May 3rd, 1944

Hermione could feel the calculating eyes of the Doctor behind her as she clipped the end of her stitch and handed him the bloodied instruments. He accepted the tools and passed her back a bundle of open bandages without a word.

Hermione accepted them and returned to her patient, sending a disinfecting and epidermis numbing charm along the edge of his broken skin with a narrowing of her eyes. She finished her procedure with a secure wrapping of the bandages and then took a step back, swinging around to face the Doctor watching her. As soon as her heels clicked together on the cement floor, her instructor clicked the pocket watch between his fingers to a stop.

His eyes flicked to the numbers once before climbing back to hers. He nodded shallowly, the permanent frown etched into the fine wrinkles of his skin deepening. She had passed.

Hermione discreetly let out a breath of relief while the pit of anxiety in her stomach unfurled. Spring was quickly coming to an end and Hermione had about a month left to master everything within the current medical practices of 1944 before she would be shipped out to Normandy, France.

Hermione nodded her thanks demurely to the salt and pepper haired Doctor as he documented the success of her final test and accreditation as a 'specialized' surgical nurse for the US Army and SSR (ie: meaning she could now legitimately do things in whatever unit she'd be assigned to outside of the SSR that would allow her to only report to her direct commanding officer: Colonel Phillips. Mainly in case she had an emergency and magical interference was needed.)

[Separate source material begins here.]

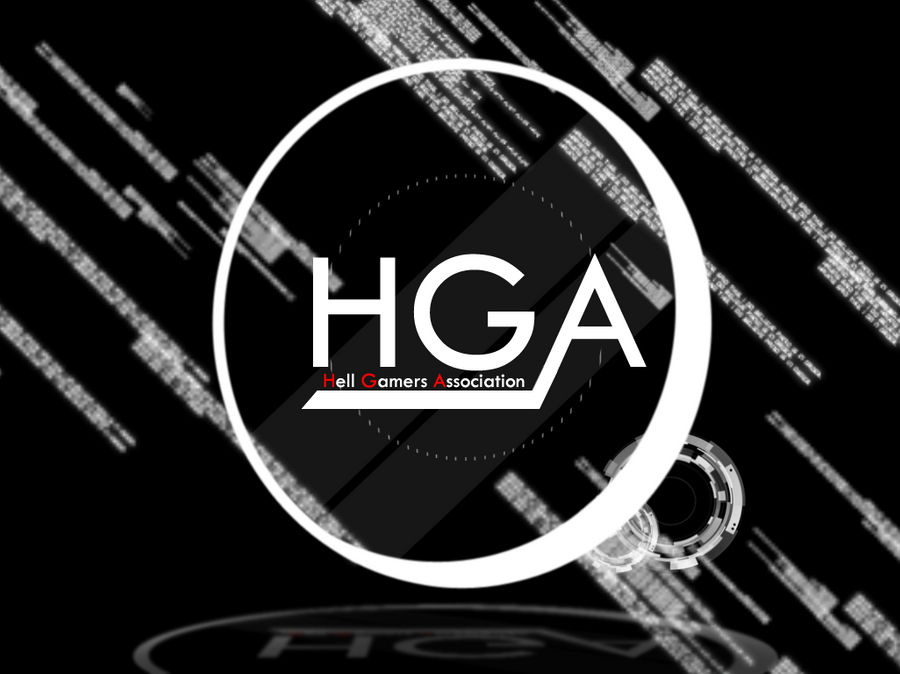 HGA Logo 1 by Kikkaishi on DeviantArt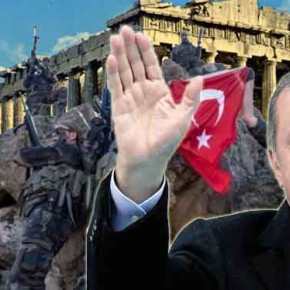 Η συνέντευξη Ερντογάν για τη συνθήκη της Λωζάνης και τους Τούρκους πραξικοπηματίες (ΣΚΑΪ,&nbsp;6/12/17)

After the release of the disastrous actions from the Battle of Finow, Colonel Phillips cleared Hermione's current absence from the SSR as a weapons scientist. He'd taken one look at her red rimmed eyes, the sunken skin above her cheeks, and then her submitted transfer papers, and signed for them without a word. The only parting comment he'd made before she caught the next plane out was to come back to work when her, "head was screwed back on straight."

That had been two weeks ago.

The nameless Doctor ordered to proctor her examination led the both of them out of the field hospital and into the administration wing next to the Mess Hall. He handed her paperwork off to a nurse and dug into his desk, reaching for a secure envelope with red letters across the front that typed "CLASSIFIED".

"Someone clearly thought you'd ace that exam," the gruff voice of the Doctor said, passing her the envelope with objection written across his face. "You'll find your qualifications and your new assigned unit inside. You're scheduled to leave in four hours."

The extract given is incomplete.